Hi all,
Serbia government released address registry (streets and housenumbers with 
point geometries) on 12. December 2022. as open data from national cadastre 
("RGZ" in the rest of the mail). We are preparing import to OSM now and we want 
to ask for feedback to our approach, what we are missing and to answer any 
questions. Below are some details that we have been working on for past month.

tl;dr

Main wiki (en and sr): 
https://wiki.openstreetmap.org/wiki/Serbia/Projekti/Adresni_registar
Main topic (sr only): 
https://community.openstreetmap.org/t/uvoz-adresnog-registra-plan/8916

--------------------------

1. Data quality

Data from RGZ is checked by sampling and looks like it is of good quality, far 
better than what we have today in OSM. In OSM, except couple of major cities 
(Belgrade have 80% of addresses for example), addresses are mostly non-existent 
in Serbia. There are some cases where address exists in RGZ, but building is 
missing on satellite imagery (either not yet erected or is demolished), but we 
agreed to add these addresses too. There are also cases with local shops (on 
the ground floor) are empty/ruined, but exists in RGZ.

In total, there are around 2.428.000 addresses in RGZ and 250.000 addresses in 
OSM. We think that 190.000 of these addresses can be "conflated" (by adding new 
tag) and 60.000 will have to be resolved case by case. Rest of it (>2.000.000) 
could be imported simply as points.

One downside is that addresses in cadastre are given as "ALL CAPS" (e.g. data 
from RGZ would have something like "ABBEY ROAD" as street name). We fixed this 
(more on this later).

--------------------------

2. Preparation

We have couple of topics in community forum, but main thread is this one: 
https://community.openstreetmap.org/t/uvoz-adresnog-registra-plan/8916. We 
prepared wiki page for import here: 
https://wiki.openstreetmap.org/wiki/Serbia/Projekti/Adresni_registar.

As a community, we first discussed and agreed on tagging schema for addresses. 
It was always kind of assumed to be Karlsruhe schema, but now we discussed in 
fine details if address should be node or way, what if there are apartments and 
some shops on ground floor etc. Main thread for this specific topic is here: 
https://community.openstreetmap.org/t/uvoz-adresnog-registra-pravila-tagovanja-adresa-u-srbiji/8915
 and final outcome is written in details here: 
https://wiki.openstreetmap.org/wiki/Serbia/Adresses.

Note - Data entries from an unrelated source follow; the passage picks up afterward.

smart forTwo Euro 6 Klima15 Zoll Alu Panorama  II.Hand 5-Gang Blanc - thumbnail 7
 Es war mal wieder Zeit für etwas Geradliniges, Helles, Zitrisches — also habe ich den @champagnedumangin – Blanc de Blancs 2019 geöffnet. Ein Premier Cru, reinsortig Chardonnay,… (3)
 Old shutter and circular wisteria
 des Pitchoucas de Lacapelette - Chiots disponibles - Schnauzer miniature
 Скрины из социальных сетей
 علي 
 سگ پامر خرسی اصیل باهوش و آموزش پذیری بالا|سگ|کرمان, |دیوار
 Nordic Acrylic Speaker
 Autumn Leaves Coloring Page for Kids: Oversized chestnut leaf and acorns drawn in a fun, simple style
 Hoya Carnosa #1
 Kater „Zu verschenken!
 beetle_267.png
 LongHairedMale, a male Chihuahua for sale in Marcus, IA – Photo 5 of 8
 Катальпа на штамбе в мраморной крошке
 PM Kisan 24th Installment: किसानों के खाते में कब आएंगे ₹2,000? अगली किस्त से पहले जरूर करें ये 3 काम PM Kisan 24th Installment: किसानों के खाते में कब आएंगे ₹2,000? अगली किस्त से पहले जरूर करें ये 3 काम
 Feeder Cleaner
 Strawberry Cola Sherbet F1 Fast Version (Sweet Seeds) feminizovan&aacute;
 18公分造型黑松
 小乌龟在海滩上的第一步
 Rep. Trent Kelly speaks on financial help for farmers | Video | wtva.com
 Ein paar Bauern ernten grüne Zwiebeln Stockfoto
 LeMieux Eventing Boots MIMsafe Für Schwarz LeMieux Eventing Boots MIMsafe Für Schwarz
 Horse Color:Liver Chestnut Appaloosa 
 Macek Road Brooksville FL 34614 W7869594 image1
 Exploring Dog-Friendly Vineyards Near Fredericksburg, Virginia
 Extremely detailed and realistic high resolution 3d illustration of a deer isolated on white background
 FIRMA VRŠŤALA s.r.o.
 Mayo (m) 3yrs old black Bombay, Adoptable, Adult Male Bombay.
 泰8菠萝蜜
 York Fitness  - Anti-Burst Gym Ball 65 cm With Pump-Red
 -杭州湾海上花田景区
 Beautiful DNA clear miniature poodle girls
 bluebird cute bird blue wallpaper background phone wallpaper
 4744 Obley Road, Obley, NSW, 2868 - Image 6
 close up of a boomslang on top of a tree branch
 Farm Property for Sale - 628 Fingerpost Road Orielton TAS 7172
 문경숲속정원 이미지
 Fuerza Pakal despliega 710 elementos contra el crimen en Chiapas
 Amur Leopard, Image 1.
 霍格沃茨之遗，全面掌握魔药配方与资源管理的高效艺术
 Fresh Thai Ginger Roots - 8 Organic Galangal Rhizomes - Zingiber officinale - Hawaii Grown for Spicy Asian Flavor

Regarding street names that are given as "ALL CAPS", as a community, we agreed 
to import them with "Proper Casing", including grammatical and on-the-ground 
rules (punctuation, spacing, hyphens, correcting cases, plurals, striping 
"street" as suffix in <1% of cases...). We took all addresses in RGZ (there is 
30.000 distinct addresses), put them online in 
https://lite.framacalc.org/tgux01sydx-9ztp and distributed work among us to fix 
their naming. This work is done already and we will use this (proper) naming 
when doing import. Main topic for this is here: 
https://community.openstreetmap.org/t/pravilno-imenovanje-ulica/96891/

We also created new tile server that shows only street geometries and 
housenumbers based on RGZ data. It can be accessed here: 
https://tiles.openstreetmap.rs/rgz/{zoom}/{x}/{y}.png. It will be invaluable 
help when importing addresses and when solving cases manually.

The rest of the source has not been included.